Some state policies directly address the intended curriculum and the resources needed to enact it, as well as other facets of the education system that affect curriculum, such as regulations governing remedial or special education programs. State policies addressing student access to classroom laboratories and information technologies also can influence what is taught. Accreditation protocols, including compliance reviews of federally funded programs, place increasing demands on schools to clearly define and support mathematics, science, and technology content congruent with state learning standards and frameworks.

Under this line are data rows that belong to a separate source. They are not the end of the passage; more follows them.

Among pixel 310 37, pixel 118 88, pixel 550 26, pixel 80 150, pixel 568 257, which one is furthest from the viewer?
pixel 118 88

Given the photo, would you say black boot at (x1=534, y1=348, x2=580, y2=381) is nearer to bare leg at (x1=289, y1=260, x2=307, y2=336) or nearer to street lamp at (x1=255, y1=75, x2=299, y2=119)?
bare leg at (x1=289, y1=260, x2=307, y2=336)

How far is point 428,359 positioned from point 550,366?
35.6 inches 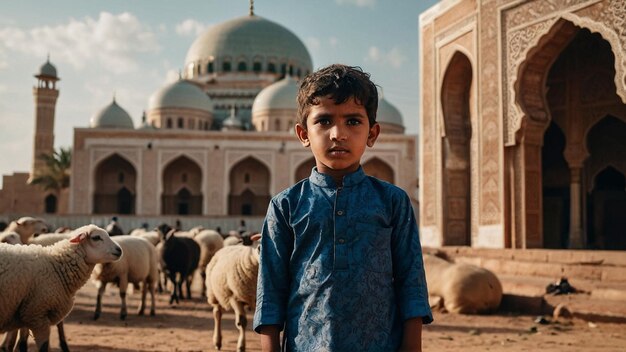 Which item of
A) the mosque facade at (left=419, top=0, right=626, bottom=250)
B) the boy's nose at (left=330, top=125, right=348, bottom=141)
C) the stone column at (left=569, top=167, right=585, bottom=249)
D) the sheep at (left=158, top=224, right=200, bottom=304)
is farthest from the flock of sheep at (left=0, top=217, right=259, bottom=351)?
the stone column at (left=569, top=167, right=585, bottom=249)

The federal government influences the school curriculum mainly through policy decisions that affect resource allocations. For example, NSF provides funds for science, mathematics, and technology materials-development projects. USDoE also supports programs that may implicitly or explicitly encourage particular visions of mathematics, science, and technology education, as well as particular strategies for attaining these visions, for example, through enactment of the Eisenhower Professional Development Program (Dwight D.Eisenhower Mathematics and Science Education Act, PL 103–382). On occasion, federal government officials make use of the “bully pulpit” to issue direct statements about curriculum. For example, fueled by concerns about U.S. student achievement results in the Third International Mathematics and Science Study (National Center for Education Statistics [NCES], 1996), the Secretary of Education emphasized the importance of algebra and geometry instruction at earlier ages for all students (Riley, 2000).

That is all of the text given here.